*Task to complete*.
The result should be the lines from the one that contains "LIGHT COLORED SOFA W/CUSHIONS" to the final line of the entries below, copied exactly and with no pictures.

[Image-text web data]
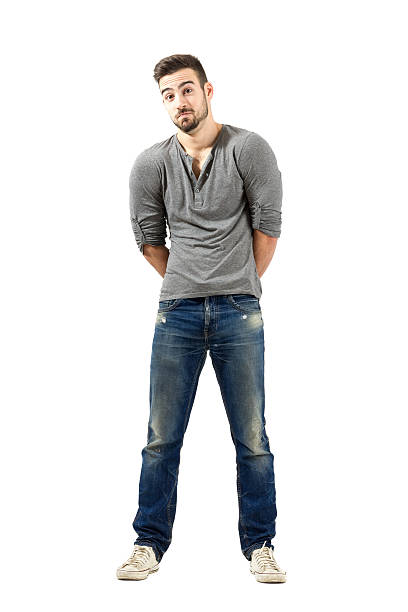 istock Confused young man with raised shoulders 523390599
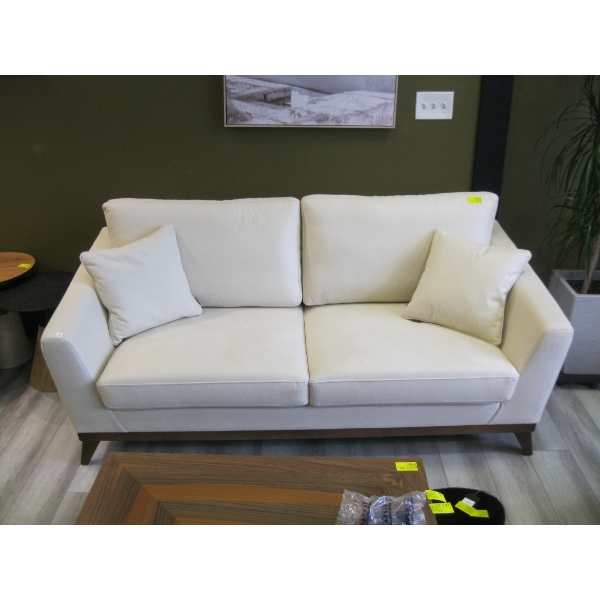 LIGHT COLORED SOFA W/CUSHIONS
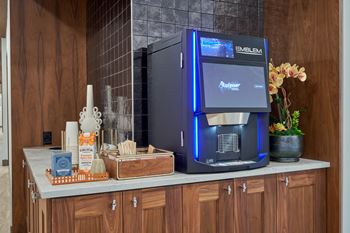 A modern kitchen with a coffee machine and a wooden cabinet.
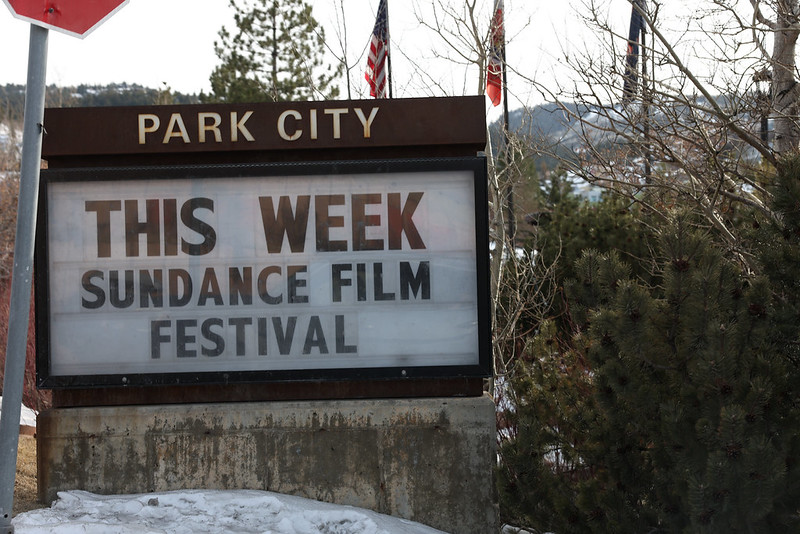 Outdoor venue at Sundance Film Festival 2026 with signage and attendees
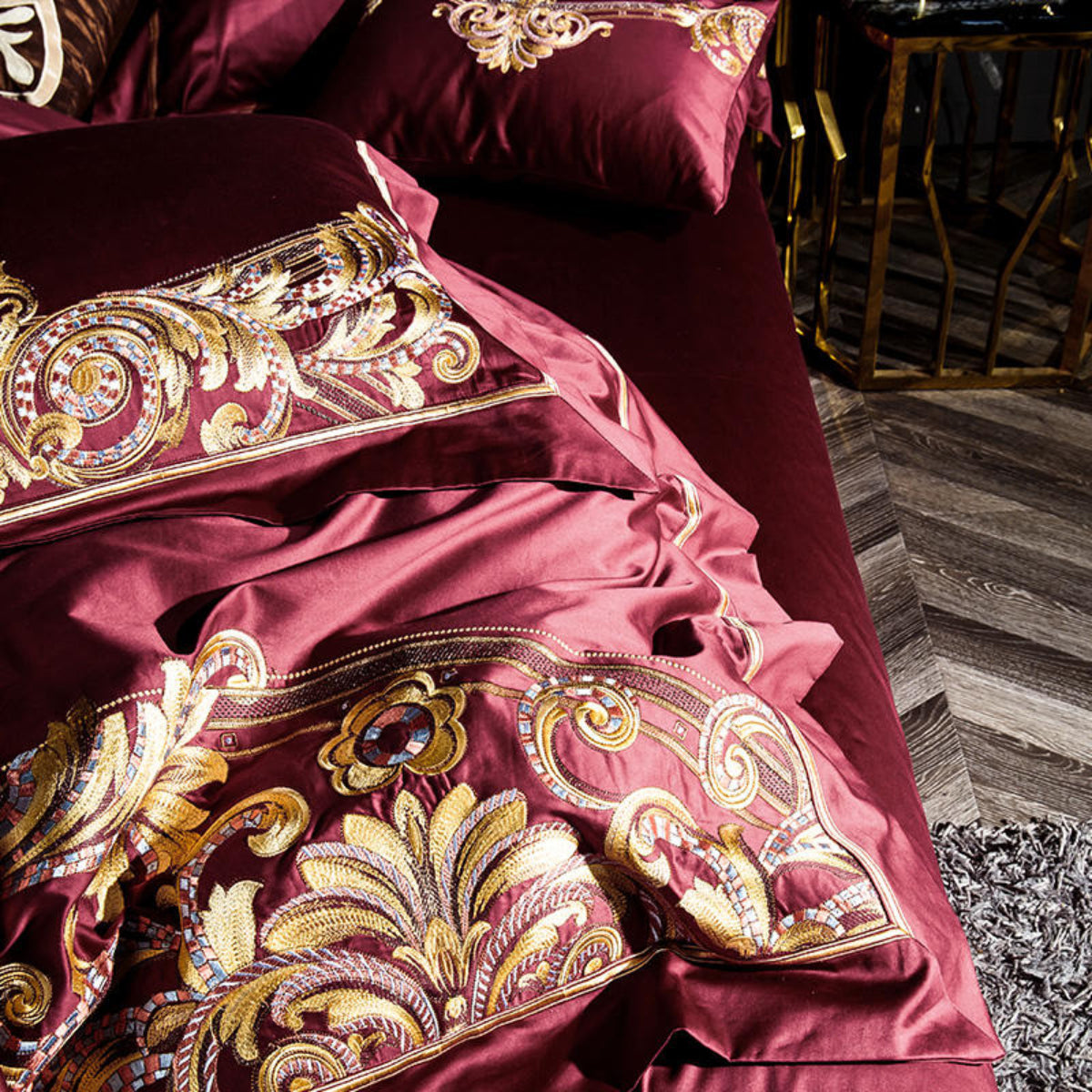 Macro view of gold embroidery on LINKORI Zutapera duvet and pillow – intricate palace-inspired pattern on silky cotton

*Completed task*.
 LIGHT COLORED SOFA W/CUSHIONS
 A modern kitchen with a coffee machine and a wooden cabinet.
 Outdoor venue at Sundance Film Festival 2026 with signage and attendees
 Macro view of gold embroidery on LINKORI Zutapera duvet and pillow – intricate palace-inspired pattern on silky cotton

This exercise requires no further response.